A Paul Löbe ( ?) [1]

Cher camarade,

Grand merci pour votre sympathie, mais, en réalité, je ne prends l´affaire que du bon côté et m´étonne que tous mes amis prennent une telle vétille autant au sérieux ! N´oubliez pas que je viens d´un pays où on a l´habitude de mesurer les peines de prison en années et non pas en mois. J´arriverai à surmonter merveilleusement ces trois mois et je me réjouis déjà de la rare occasion de pouvoir lire tranquillement toute la journée. [2]

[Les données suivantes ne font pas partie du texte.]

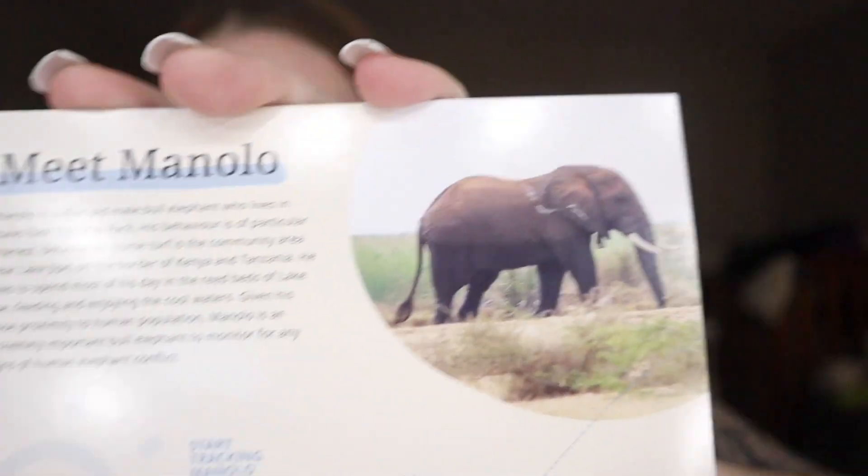I received my three cards in the mail indicating which animals I have been selected to track. So, these are my new pets — I've officially adopted them. First, we have Monolo, our elephant. I'll read this little text here for you guys, but this is what he looks like. He's adorable. Gets it from his mom.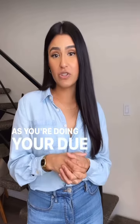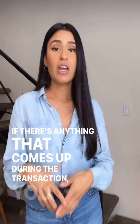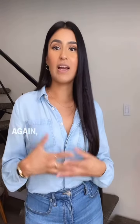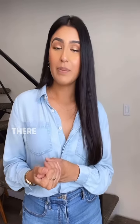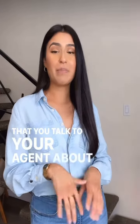As you're doing your due diligence, you are buying a house as-is. If there's anything that comes up during the transaction, you can talk about it with your agent and find a way to negotiate through it so that you can remove your contingencies as the contingency periods start coming up. There are due dates per contract, so you want to make sure that you talk to your agent about all of them.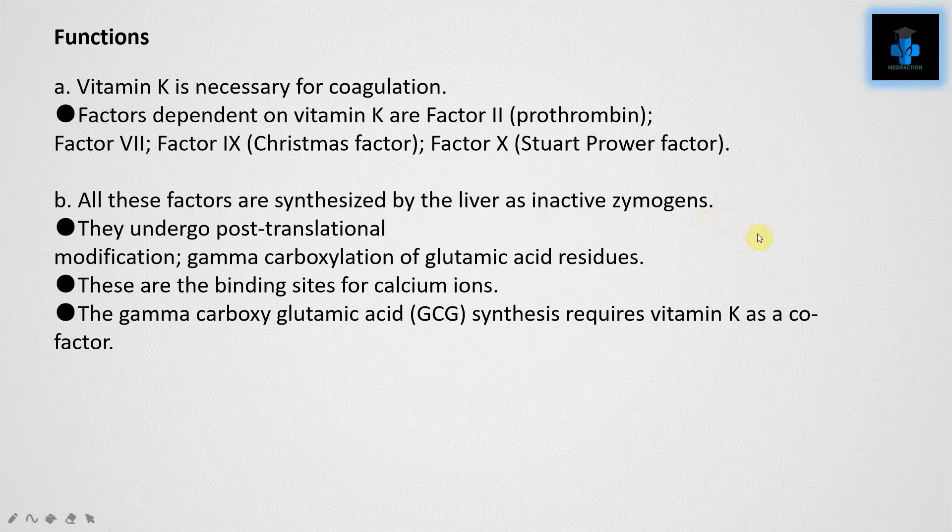Functions of Vitamin K: Vitamin K is necessary for coagulation. The coagulation factors dependent on Vitamin K are Factor 2 (prothrombin), Factor 7, Factor 9 (Christmas factor), and Factor 10 (Stuart-Prower factor). All these factors are synthesized by the liver as inactive zymogens. They undergo post-translational modification — gamma-carboxylation of glutamic acid residues — which are binding sites for calcium ions. This gamma-carboxy glutamic acid synthesis requires Vitamin K as a cofactor.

Votre demande en mariage à l´Association sociale [3] m´a beaucoup amusée. Donnez à l´occasion à monsieur le Pasteur l´assurance que Rosa Luxemburg souhaite tout aussi peu l´épouser qu´il ne le souhaite lui-même, même s´il était l´unique représentant de l´espèce « homme » sur terre.

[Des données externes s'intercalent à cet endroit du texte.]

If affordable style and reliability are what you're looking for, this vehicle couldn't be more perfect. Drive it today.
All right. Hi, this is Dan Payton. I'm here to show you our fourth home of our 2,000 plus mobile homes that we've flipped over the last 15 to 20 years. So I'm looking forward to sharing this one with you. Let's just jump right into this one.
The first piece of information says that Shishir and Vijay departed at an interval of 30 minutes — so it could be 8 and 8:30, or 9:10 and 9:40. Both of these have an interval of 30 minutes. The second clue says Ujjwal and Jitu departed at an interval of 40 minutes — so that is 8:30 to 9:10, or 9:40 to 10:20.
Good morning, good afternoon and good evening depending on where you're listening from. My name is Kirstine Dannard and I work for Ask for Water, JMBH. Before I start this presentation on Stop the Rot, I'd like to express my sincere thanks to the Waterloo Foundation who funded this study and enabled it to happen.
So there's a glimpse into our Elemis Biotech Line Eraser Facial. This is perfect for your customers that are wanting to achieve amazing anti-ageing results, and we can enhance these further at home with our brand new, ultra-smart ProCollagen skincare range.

Encore une petite affaire. S´il vous plaît, utilisez votre autorité de chef pour régler le service de correspondance de Poznanie pour la Volkswacht. Vous devez savoir qu´il règne à Posen un certain désordre et qu´il est par conséquent d´autant plus utile que le correspondant soit à peu près mûr politiquement et doué de tact. Le seul qui convienne est le secrétaire actuel du parti là-bas, le cam.[arade] Mletzko. A mon avis, il a en tant qu´expéditeur le droit de gagner quelques sous par des correspon.[dances] (son salaire est médiocre). Werner, en revanche, qui, pour autant que je sache, a été publié récemment dans la Volkswacht, est formellement suspect de relations avec la police, l´association électorale fait actuellement une enquête à ce propos ; sans compter qu´il s´est compromis en tant que fauteur de troubles, il est, par conséquent, tout à fait inadéquat. S´il vous plaît, décidez donc une fois pour toutes que c´est Mletzko qui doit écrire la corr.[espondance], car il est le seul sur qui on puisse compter.

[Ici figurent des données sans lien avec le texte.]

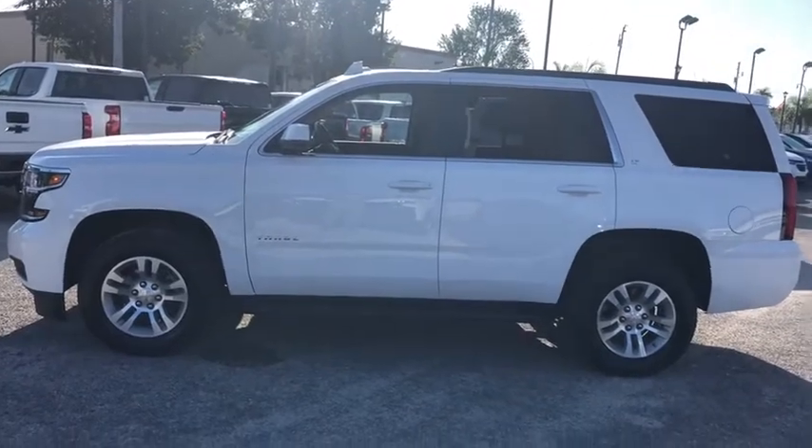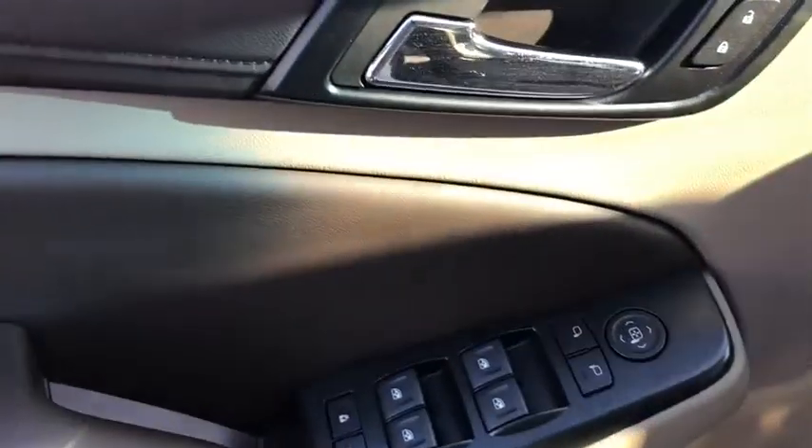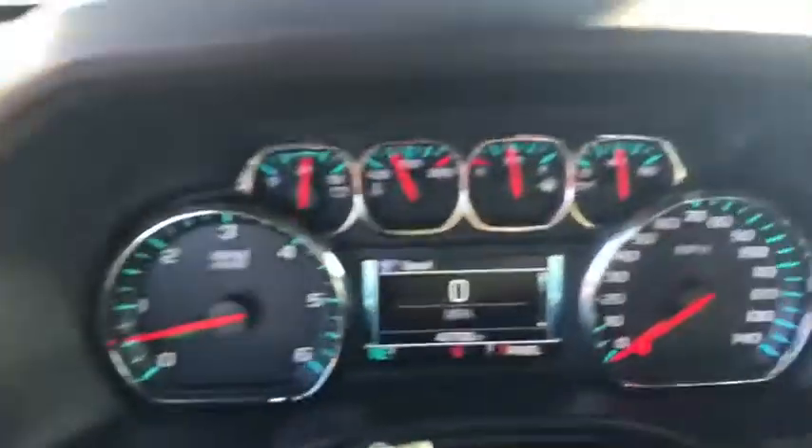Power liftgate, Bose sound system, power passenger seat, heated seats, traction control, dual airbags, leather-wrapped steering wheel, alloy wheels, remote vehicle start, power steering, four-wheel disc brakes, floor mats, universal garage door opener.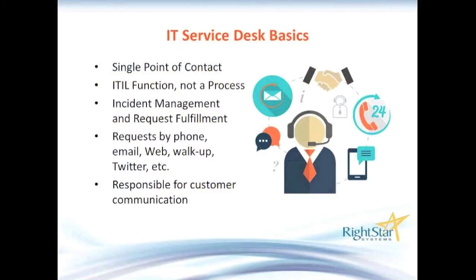Some basics about IT Service Desk: it is specified by ITIL, and it's a single point of contact for your customers — one-stop shopping. It's a function, not one of the processes. Most of you know that ITIL has a number of processes involved — depending on who's counting, there's like 20 or 22 processes.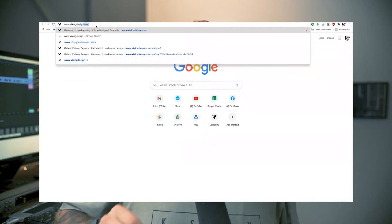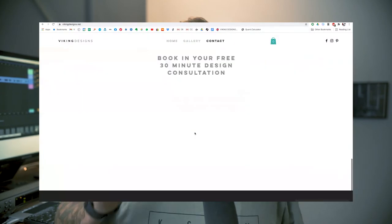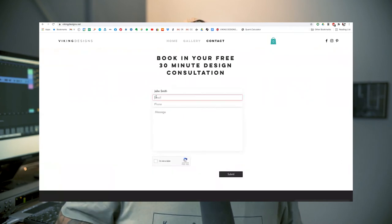So what's next? Head to our website to book your free design consultation today. From there we will book an appointment, come out for a chat and a measure, figure out what your style is and provide you with a quote. All you gotta do is follow the links below.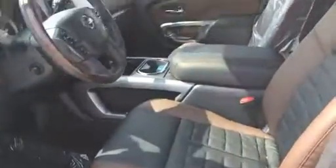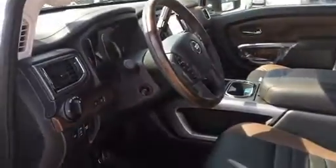It has the intelligent keys so you can walk up and unlock the vehicle. If you look here on the inside, the black and brown leather looks amazing as well.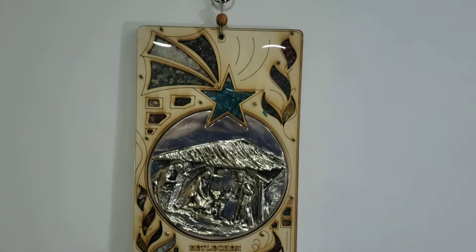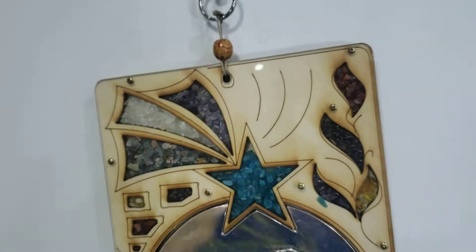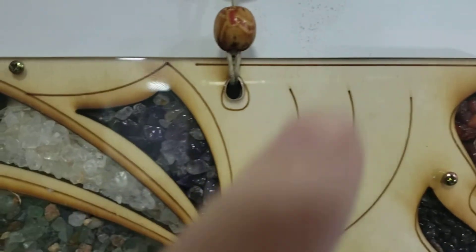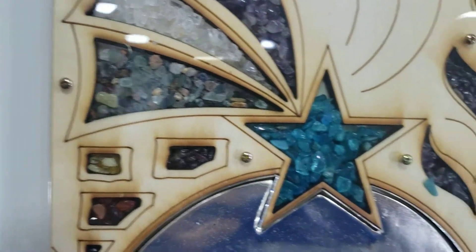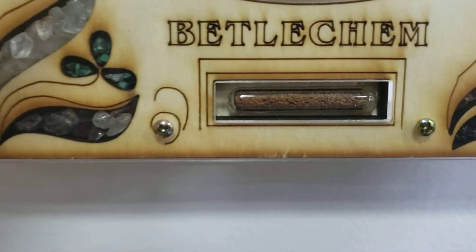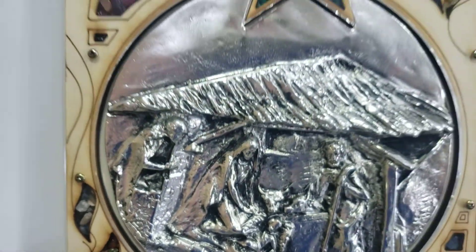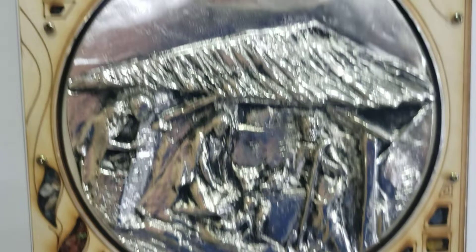Bethlehem birth of Jesus wall decker, made of premium birch wood, deep river pebbles, and all kinds of exotic colors. It includes a capsule with real authentic Holy Land soil, birth of Jesus images made of zinc metal, color-coded with silver color.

Et enfin, mon cher, soyez prudent quand vous publiez des nouvelles de Pologne russe sur les hauts faits du PPS. C´est la plupart du temps de la poudre aux yeux passée en contrebande dans la presse du parti allemand pour la publicité des social-nationalistes.

Ce pauvre Bruhns a eu récemment des ennuis à la suite de ragots. En avez-vous entendu parler ?

Meilleures salutations à vous et à votre femme.

Rosa Luxemburg

Répondez à l´occasion en mon nom amicalement aux salutations du camarade Fröhlich.

Notes

[1] La mention du destinataire est absente de cette lettre. Le contenu nous suggère qu´elle était adressée à Paul Löbe qui faisait partie de la Société pour la réforme sociale et était rédacteur en chef de la Volkswacht. Nos hésitations dans l´attribution sont dues au fait que la lettre contient des éléments, par exemple l´allusion à Bruhns, qui nous ont fait d´abord penser qu´elle était adressée à Oskar Schütz.

[2] A ce propos, elle écrivait à Löbe le 3 août : « Ne m´en veuillez pas, mon ami, mais je ne peux vraiment pas. Je goûte ici la fraîcheur estivale pour prendre quelques forces avant mes vacances de trois mois, j´ai en outre beaucoup à faire, de sorte que je profite fort peu de mon “repos’. C´est pourquoi j´ai déjà refusé trois réu.[nions] à propos des Russes et que je suis partie. [ ... ] » ZStA, Postdam (lettre imcomplète).
Et à Bruhns, une quinzaine de jours après être sortie de prison :
« Ce n´est que maintenant que je parviens à vous remercier pour votre salut amical. Depuis que je suis de nouveau en liberté, je perds énormément de temps avec toute sorte de « maux nécessaires ». Je vous dirai donc en bref que j´ai supporté fort bien mes 9 semaines de prison et que j´ai beaucoup travaillé. La prison était tout à fait supportable, bien qu´agrémentée de toute une série de chicanes ridicules du règlement. » (ZN 8, p. 99-100.)

[3] Il s´agit de la Gesellschaft für soziale Reform fondée en 1901 comme section allemande de l´Association internationale pour la protection ouvrière et dont Werner Sombart était le président. On avait peut-être demandé à Rosa Luxemburg d´y adhérer, ce qui expliquerait la formule sur la demande en manage.